4. Representations and Warranties of the Underwriter
-------------------------------------------------
As an inducement and to obtain the reliance of the Company in connection
herewith, the Underwriter represents, warrants and agrees with the Company as
follows:
(a) The Underwriter is duly registered as a securities broker-dealer
in accordance with the Securities Exchange Act of 1934 and the states in
which the offering shall be sold by it.
(b) The Underwriter will not publish, issue or circulate or authorize
the publication, issuance or circulation of any circular, notice or
advertisement which offers the Units, for sale which shall not have
previously been approved by the Company and its counsel, except for
so-called "tombstone" advertisements, and which has not been approved by
the commission prior to its use, if such prior approval is required.
(c) The Underwriter is, to the best of its information and belief, in
good standing with and in full and current compliance in all material
respects with the rules of the National Association of Securities Dealers,
Inc., ("NASD").

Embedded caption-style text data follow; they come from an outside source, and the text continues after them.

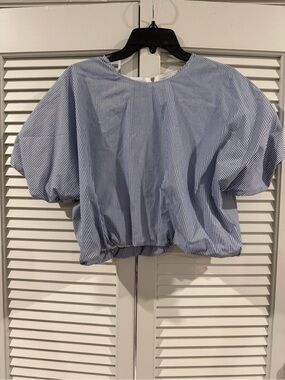 Marc New York Striped Blue Puff Sleeve  Bubble Top elastic banded @ bottom/waist
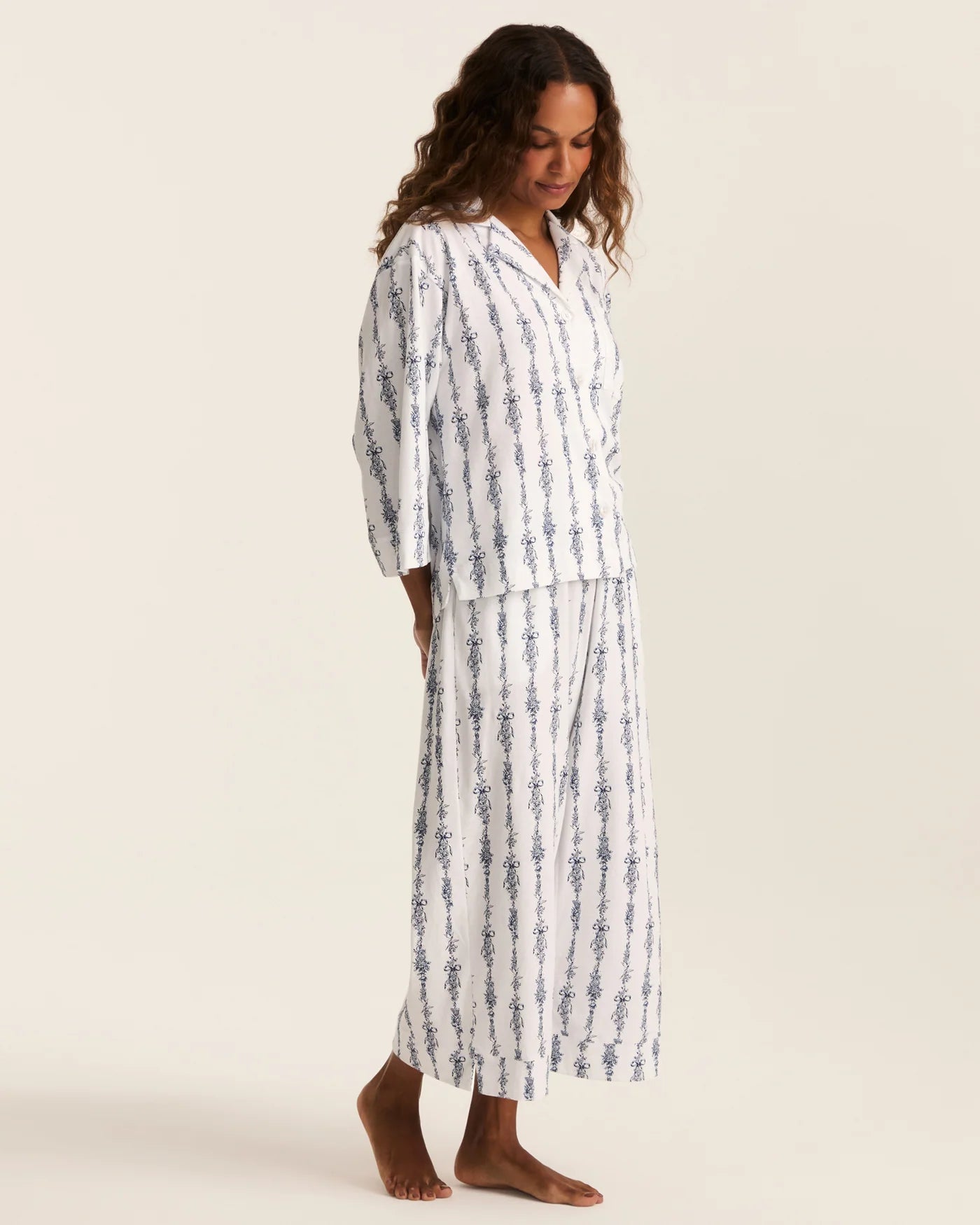 Olivia Wide Leg Pima Pajama Set in Navy Mayfair Toile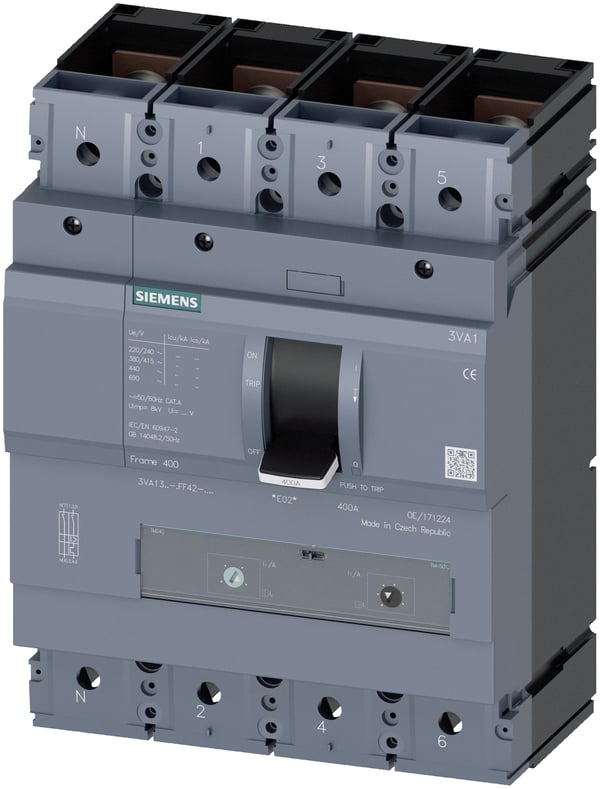 Siemens 3VA1340-5FF42-0AA0 Strömbrytare 1 st Inställningsområde (ström): 280 - 400 A Kopplingsspänning (max.): 690 V/AC, 600 V/DC (B x H x D) 184 x...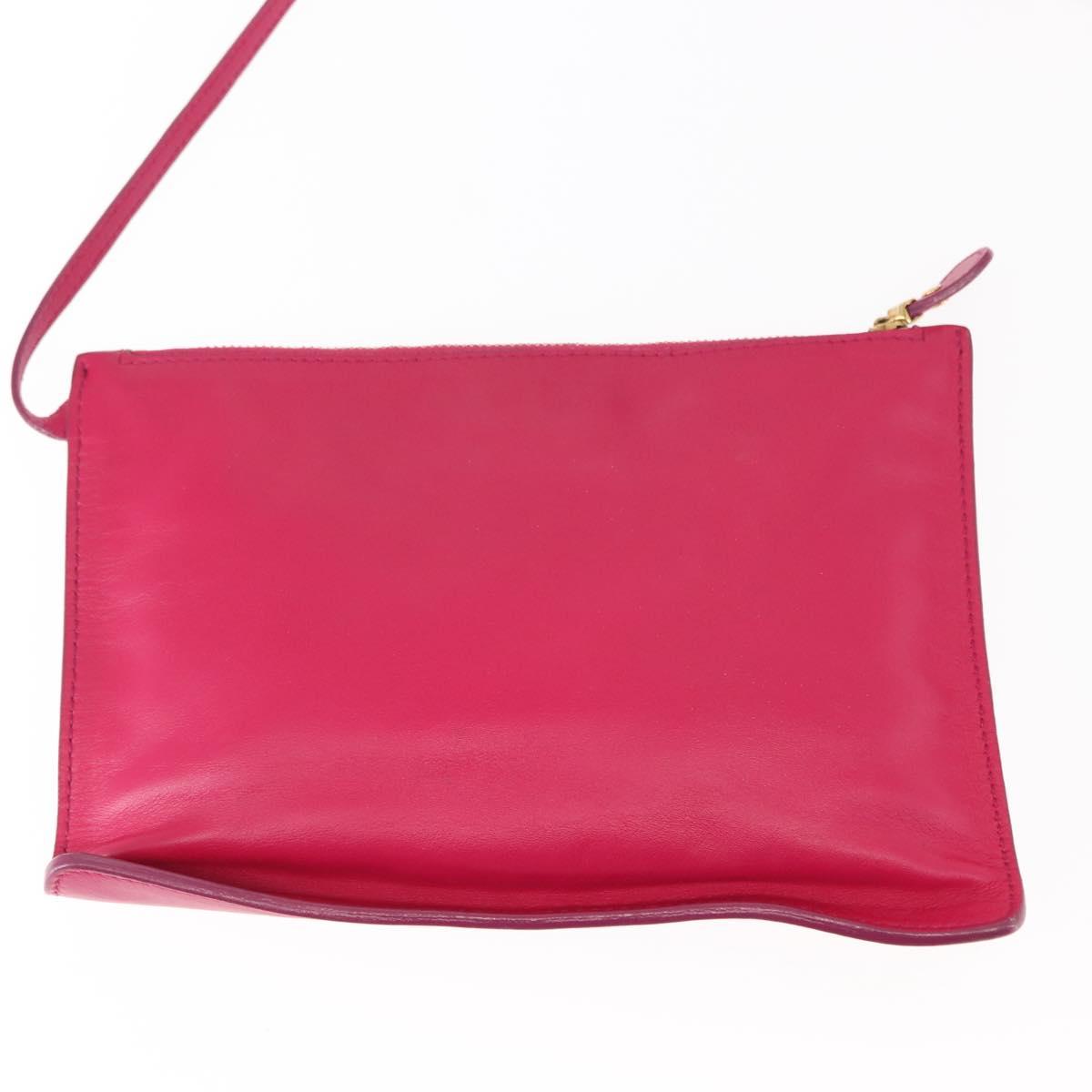 Salvatore Ferragamo Gancini Hand Bag Leather Pink Gold Auth 142269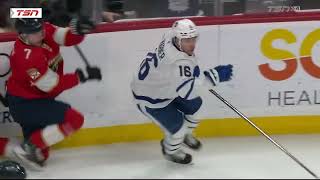 Dmitri Kulikov hammers down Mitch Marner with a hit vs Leafs 16 apr 2024 [upl. by Ardaed]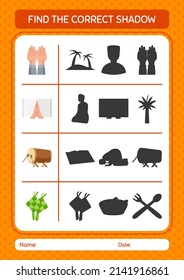 Find the correct shadows game with ramadan icon. worksheet for preschool kids, kids activity sheet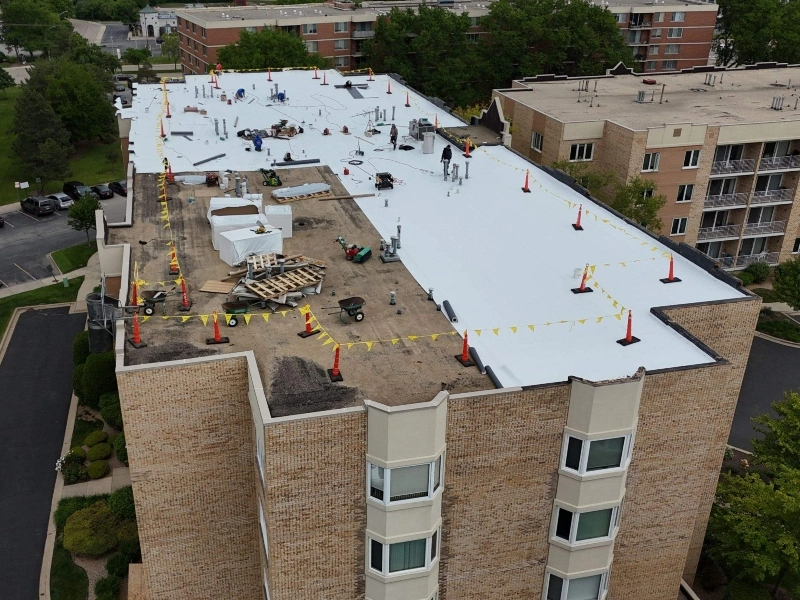 Commercial flat roofing Chicago IL by A&E Roofing and Siding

It is understood that any Dealer to whom an offer may be
made as hereinbefore provided shall be a member of the NASD or a foreign
dealer not eligible for membership in the NASD who agrees not to re-offer,
resell or deliver the Stock in the United States of to persons to whom it
has reason to believe are citizens or residents of the United States and,
in making sales, to comply with the NASD's Interpretation with Respect to
Free-riding and Withholding and Sections 8, 24 and 36 of Article III of the
NASD's Rules of Fair Practice as if such foreign dealer were an NASD member
and Section 25 of such Article III as it applies to a non-member broker or
dealer in a foreign country.
5. Covenants by the Company
------------------------
In further consideration of the agreements by the Underwriter herein
contained, the Company covenants as follows:
(a) At least 48 hours prior to submission of the Filing or any
amendment or supplement thereto to the Commission, the Underwriter and its
counsel shall be provided with a copy of such Filing or amendment, and no
such Filing will be made to which the Underwriter or its counsel shall
object within the 48 hour period.
(b) The Company will use its best efforts to cause the Registration
Statement to become effective and will not at any time, whether before, on
or after the Effective Date, file any amendments to the Filing or
supplement to the Prospectus without first obtaining the Underwriter's
approval. Such approval shall be obtained by compliance with subsection (a)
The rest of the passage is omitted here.